Assigned task – Produce a faithful copy of the data, one that leaves out the pictures.

Information provided –
══════════

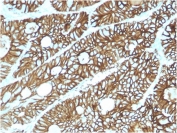 Cadherin 17 Antibody Colon IHC. Immunohistochemistry staining of FFPE human colon tissue using Cadherin 17 Antibody / Liver-Intestine Cadherin Antibody (clone CDH17/2615) demonstrates strong membranous HRP-DAB brown staining throughout colonic epithelial cells lining glandular and crypt structures. The staining pattern is consistent with expression of CDH17 (LI-cadherin), a calcium-dependent cell adhesion molecule that contributes to epithelial organization, maintenance of tissue integrity, and regulation of cell-cell interactions within the gastrointestinal tract. CDH17 is highly expressed in intestinal epithelium and serves as a well-established marker of gastrointestinal epithelial differentiation and lineage. HIER was performed by boiling tissue sections in pH 9, 10 mM Tris with 1 mM EDTA for 10-20 minutes followed by cooling prior to immunostaining.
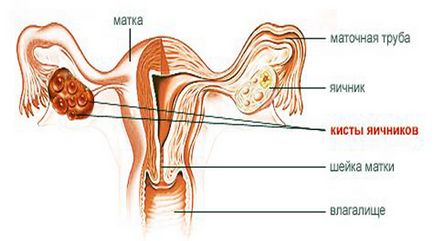 A kezelés petefészek ciszták emberek jogorvoslatok
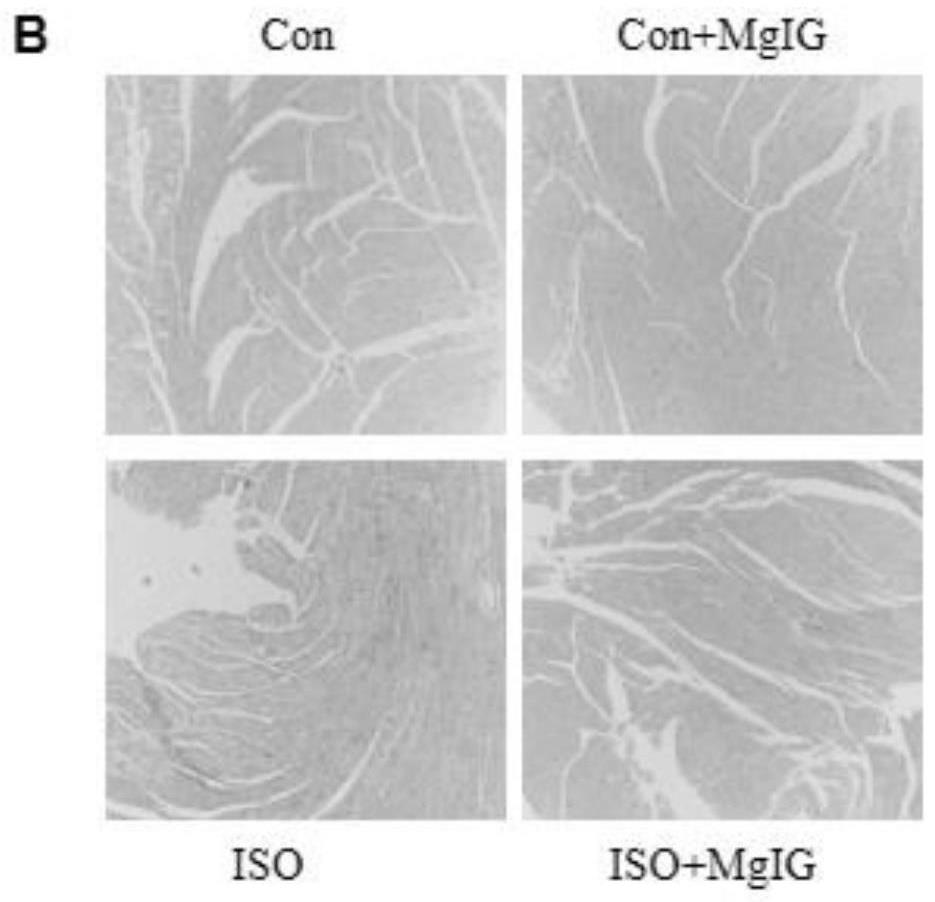 异甘草酸镁在心肌重构中的应用的制作方法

══════════

Exercise answer –
 Cadherin 17 Antibody Colon IHC. Immunohistochemistry staining of FFPE human colon tissue using Cadherin 17 Antibody / Liver-Intestine Cadherin Antibody (clone CDH17/2615) demonstrates strong membranous HRP-DAB brown staining throughout colonic epithelial cells lining glandular and crypt structures. The staining pattern is consistent with expression of CDH17 (LI-cadherin), a calcium-dependent cell adhesion molecule that contributes to epithelial organization, maintenance of tissue integrity, and regulation of cell-cell interactions within the gastrointestinal tract. CDH17 is highly expressed in intestinal epithelium and serves as a well-established marker of gastrointestinal epithelial differentiation and lineage. HIER was performed by boiling tissue sections in pH 9, 10 mM Tris with 1 mM EDTA for 10-20 minutes followed by cooling prior to immunostaining.
 A kezelés petefészek ciszták emberek jogorvoslatok
 异甘草酸镁在心肌重构中的应用的制作方法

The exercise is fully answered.